LOL.yep,still reading  
you forgot to answer crappielooker's main question though 


> how did she fight?? like a wet rag


tell him that contrary to some beliefs,a saugeye that size on the end of your line,in no way resembles a wet dishrag.maybe a walleye,but definitely not a saugeye  
especially when you get it close.


----------



## Action (Apr 8, 2004)

Great fish ! I think I saw Cory and Lewis at Antrim bouncing Vibees off the bottom with a powerbait trailer attached.


----------



## TheKing (Apr 15, 2004)

Way to go. Now, was any luck involved?
And, on sponsorship, just what kind of beer were you drinking?

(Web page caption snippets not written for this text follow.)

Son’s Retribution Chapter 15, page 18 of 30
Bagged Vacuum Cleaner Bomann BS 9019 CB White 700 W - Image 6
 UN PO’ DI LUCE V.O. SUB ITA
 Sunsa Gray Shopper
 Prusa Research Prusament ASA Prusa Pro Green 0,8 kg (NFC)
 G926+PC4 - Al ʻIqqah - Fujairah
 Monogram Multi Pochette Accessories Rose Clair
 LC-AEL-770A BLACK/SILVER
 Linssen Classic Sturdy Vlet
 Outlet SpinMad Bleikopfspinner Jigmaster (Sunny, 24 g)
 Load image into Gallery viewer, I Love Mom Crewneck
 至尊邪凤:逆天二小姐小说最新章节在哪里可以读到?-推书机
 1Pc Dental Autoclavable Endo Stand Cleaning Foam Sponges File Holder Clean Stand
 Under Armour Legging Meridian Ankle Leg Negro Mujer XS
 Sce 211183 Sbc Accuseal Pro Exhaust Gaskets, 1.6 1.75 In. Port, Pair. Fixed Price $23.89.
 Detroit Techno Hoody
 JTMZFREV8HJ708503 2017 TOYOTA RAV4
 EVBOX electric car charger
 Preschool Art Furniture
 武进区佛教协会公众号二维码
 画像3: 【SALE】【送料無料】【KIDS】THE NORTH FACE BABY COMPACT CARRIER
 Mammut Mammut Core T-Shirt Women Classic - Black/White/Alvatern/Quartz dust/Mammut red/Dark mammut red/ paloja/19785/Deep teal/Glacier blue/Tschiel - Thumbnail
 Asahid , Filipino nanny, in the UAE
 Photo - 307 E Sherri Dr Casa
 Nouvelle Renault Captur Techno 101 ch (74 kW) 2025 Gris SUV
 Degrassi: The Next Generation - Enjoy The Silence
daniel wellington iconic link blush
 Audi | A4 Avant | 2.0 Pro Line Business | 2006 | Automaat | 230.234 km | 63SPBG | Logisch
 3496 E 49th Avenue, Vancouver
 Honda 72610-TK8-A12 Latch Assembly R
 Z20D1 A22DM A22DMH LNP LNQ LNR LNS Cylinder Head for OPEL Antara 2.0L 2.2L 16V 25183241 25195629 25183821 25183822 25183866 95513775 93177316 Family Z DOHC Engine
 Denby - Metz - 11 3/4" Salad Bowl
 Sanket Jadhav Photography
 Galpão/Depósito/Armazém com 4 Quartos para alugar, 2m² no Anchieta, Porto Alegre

What record will you attempt to break next?


----------



## redone29 (Jun 12, 2004)

Congrats Recordbreaker! That fish is a real beauty. Outstanding catch.


----------



## Lewis (Apr 5, 2004)

Good one Action..


----------



## mrfishohio (Apr 5, 2004)

I resized & took out the red-eye (on the boy) and re-posted in the picture gallery for you.


----------



## truck (Apr 12, 2004)

congrats what a pig!!!!!!!!!!!!!!


----------



## recordbreaker (Dec 7, 2004)

I aint even going to lie, it was luck.But I will take it. I could tell it had some weight to it so I loosened my drag but it didnt put up much of a fight. Brian Bang called me recordbreaker in an earlier thread and I liked it so I kept it.It sounds a little to vain so I may change it to hillbilly .Because I are one. (WV) Two years removed. Someone asked me if I would try to break another record. And my answer to that would be , with every cast, flip and hook set. I think I may have broke the WVa black crappie record with 18.5 incher but I was young and dumb , and there was some alcohol involved. But man what some fillets.


----------



## mrfishohio (Apr 5, 2004)

> Shamano Stradic 2000 spooled with 6 Lb Stren/green
> St Croix Legend Elite--6.5 foot/medium action
> 6/0 Eagle Claw


 Glad it wasn't just a Zebco #33 combo  
Did you really use a 6/0 or do you mean a #6 hook ?
Also, are you having it mounted ?


----------



## recordbreaker (Dec 7, 2004)

I stand corrected. Yes we are planning to get a skin mount as well as a replica.


----------



## fishingredhawk (Apr 14, 2004)

I've been searching the web for records, and I am pretty sure that recordbreaker's fish is the second largest saugeye ever taken anywhere, only trailing the Montana fish.


----------



## Marshall (Apr 11, 2004)

Nice job, I know for a fact that there are big fish in that lake. I have caught 4 or 5 saugeye in the past 5 years from there while trying to catch a few bass. most have been around 4 to 5 lbs. In the past they have put some really small trout in there that im sure helped your saugeye grow to his large size. There is also a decent shad population in there too. Geat food source equals nice fish. Congratulations.


----------



## recordbreaker (Dec 7, 2004)

When I was leaving there with my fish there was an Asian man stopped me and told me that he had caught one in the spring 30 inches but took it home and eat it only to find out later that the current record was conciderably shorter.


----------



## Rainer Wolf (Apr 11, 2004)

congrads recordbreaker, welcome aboard


----------



## Live2Fish (Apr 7, 2004)

Recordbreaker - Do you work off 33 around 161? If so, I think I have talked to you a couple times in the past at Antrum.


----------



## recordbreaker (Dec 7, 2004)

No I am a brick mason so I work all over central Ohio. Right now I am working a few miles from dillon dam. Which by the way is some of the best crappie fishing Ive ever done. Four citation size in one day last week.


----------